Compute Engine maintains copies of each regional disk in two Google Cloud zones. Each copy is called a zonal replica. When you write data to your disk, Compute Engine synchronously replicates that data to both replicas to ensure high availability (HA). At any given time, the disk replication status of the regional disk tells you about the ability of a disk to synchronously write to both replicas. The disk's replication status is determined by the replica states of the disk's zonal replicas. The replica state for a zone is tells you the state of an individual zonal replica in comparison to the latest data on the disk. If a zonal replica contains the latest disk data, then that replica is considered to be synced with the latest disk data. If both zonal replicas are synced, then your Regional Persistent Disk or Hyperdisk Balanced High Availability disk is considered to be fully replicated.
This document explains how you can monitor the replica states of your regional disks and their disk replication status over a period of time. You can use this document to do the following:
- Check the current and historical replica states of your regional disks.
- To only verify whether the zonal replicas for a specific regional disk are synced or not, monitor using the Google Cloud console.
- To check the exact zonal replica state for replicas of all the disks in a project, monitor using the Cloud Monitoring dashboard.
- Use the replica state information from a specific point in time to determine if your disk was fully replicated.
To learn more about replica state and disk replication status, see About synchronous disk replication.
Required roles
To get the permissions that you need to view replication states using Cloud Monitoring, ask your administrator to grant you the following IAM roles:
-
To view regional disk metrics (one of the following):
-
Monitoring viewer (
roles/monitoring.viewer
) on the project -
Monitoring editor (
roles/monitoring.editor
) on the project
-
Monitoring viewer (
For more information about granting roles, see Manage access to projects, folders, and organizations.
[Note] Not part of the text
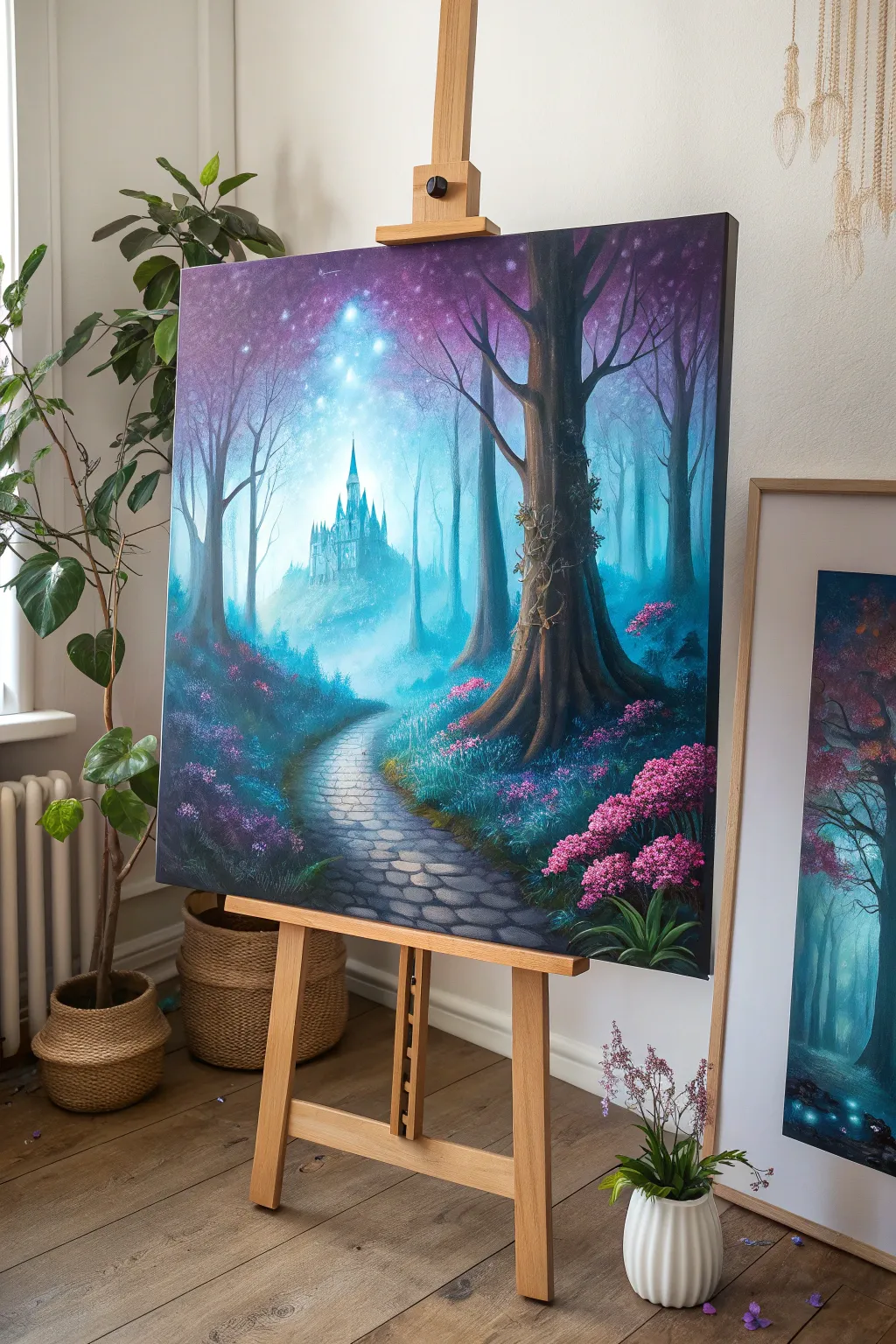 Escape into a world of magic with this enchanting fantasy landscape painting.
You might also be able to get the required permissions through custom roles or other predefined roles.
Monitor using the Google Cloud console
This section explains how you can monitor the replica states and disk replication status of a Hyperdisk Balanced High Availability or Regional Persistent Disk volume using the Google Cloud console.
Check if zonal replicas are synced for a single disk
You can use the Google Cloud console to check whether the zonal replicas of a regional disk are synced with the latest disk data.
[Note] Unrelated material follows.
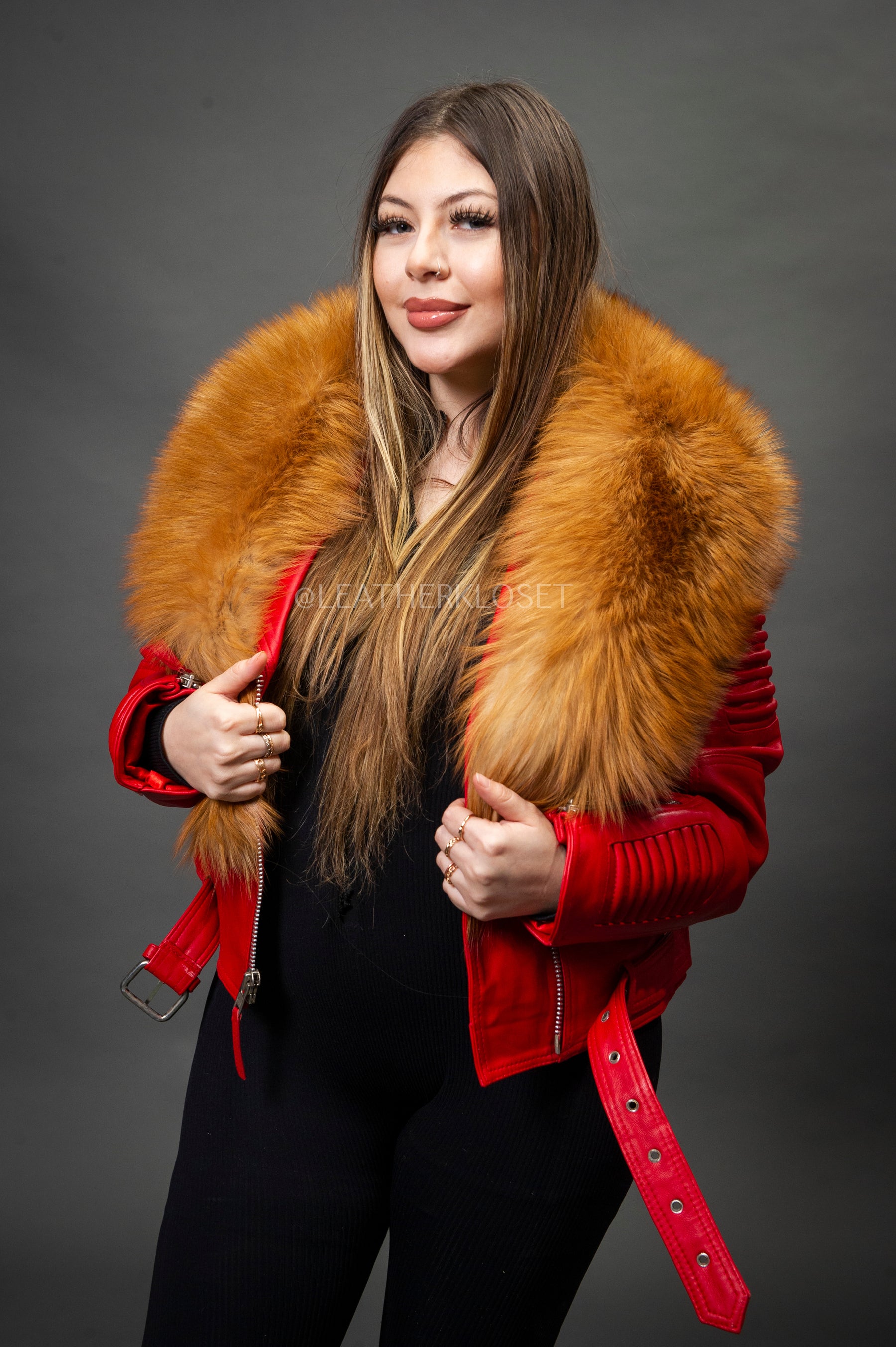 Women's Trey Biker Red Oversized Fox Collar [Red Fox Fur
To see detailed information about the exact zonal replica states for all regional disks in a project, check the zonal replica states using the Cloud Monitoring dashboard.
Console
To monitor the zonal replica states for your regional disks, do the following:
In the Google Cloud console, go to the Disks page.
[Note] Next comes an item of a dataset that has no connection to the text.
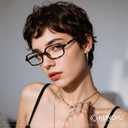 Blue Light Glasses for Woman, Small Square Fashion Computer Glasses - Lightweight & UV Protection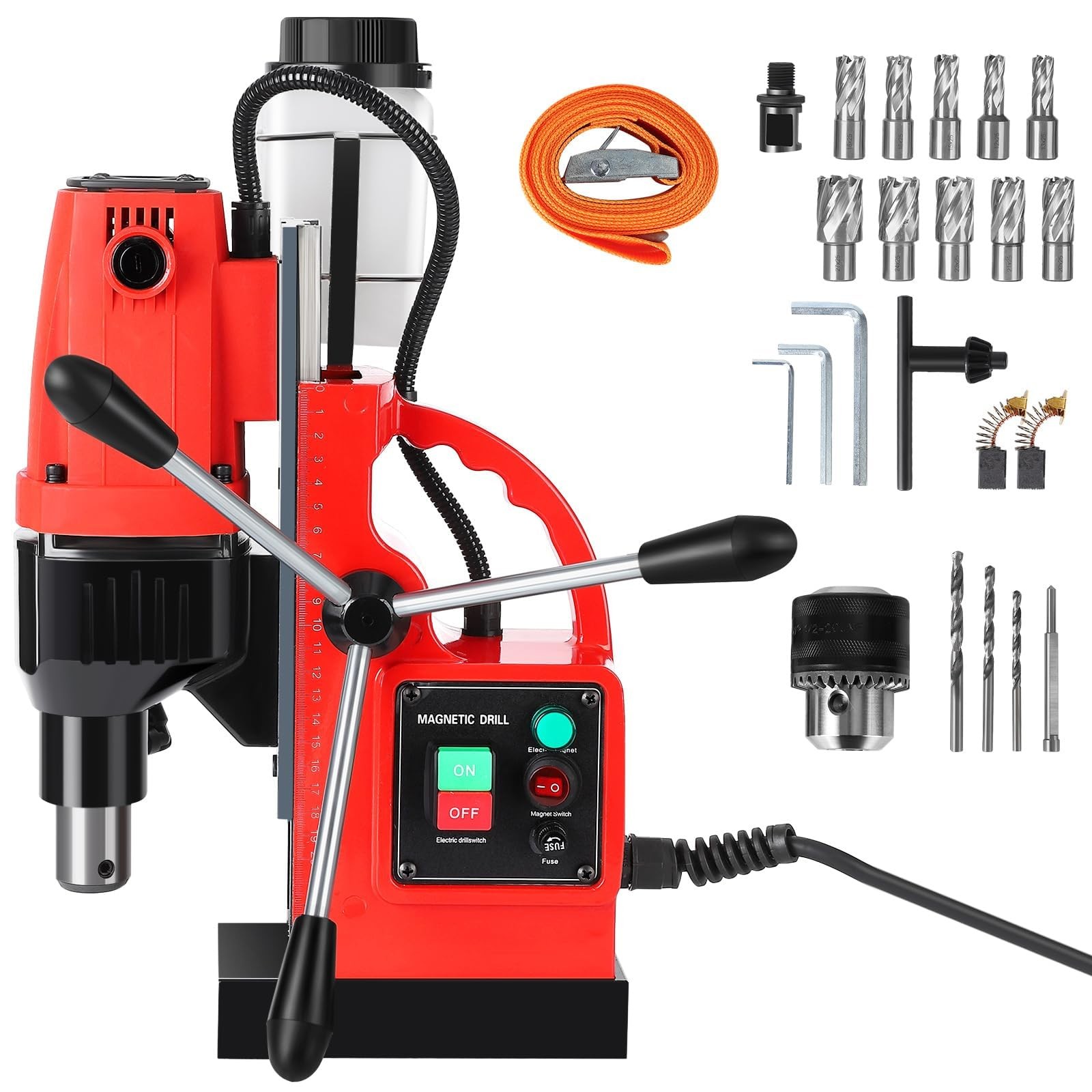 11 Piece Drill Bit Set 810RPM Magnetic Drill Press 1.6″ Max Drilling Diameter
On the Disks page, in the Name column, select the disk for which you want to check the replica states.
The Manage disk page opens for the selected disk and displays the Details tab for that disk.
Click the Observability tab.
The Manage disk page displays the monitoring information for the disk.
To see the historical replica state information for your disk, on the Observability tab, navigate to the Regional Persistent Disk Replication State graph.
The graph displays the replica state values for your zonal replicas over the preceding hour in the form of two separate graph lines.
The replica state value can be one of the following:
0
: The replica is not in sync with the latest disk data.1
. The replica is synced with the latest disk data.
To check the replica state value for your zonal replicas at a specific point in time, do the following:
- Hold the pointer on the graph for the time value at which you want to check the replica state.
- To see the replica state values for your zonal replicas, navigate to the bottom of the graph.
- Optional: To see the name and replica state value denoted by a graph line, hold the pointer over the graph line for any specific time value. The graph highlights the name and time-specific state of that replica inside a tooltip.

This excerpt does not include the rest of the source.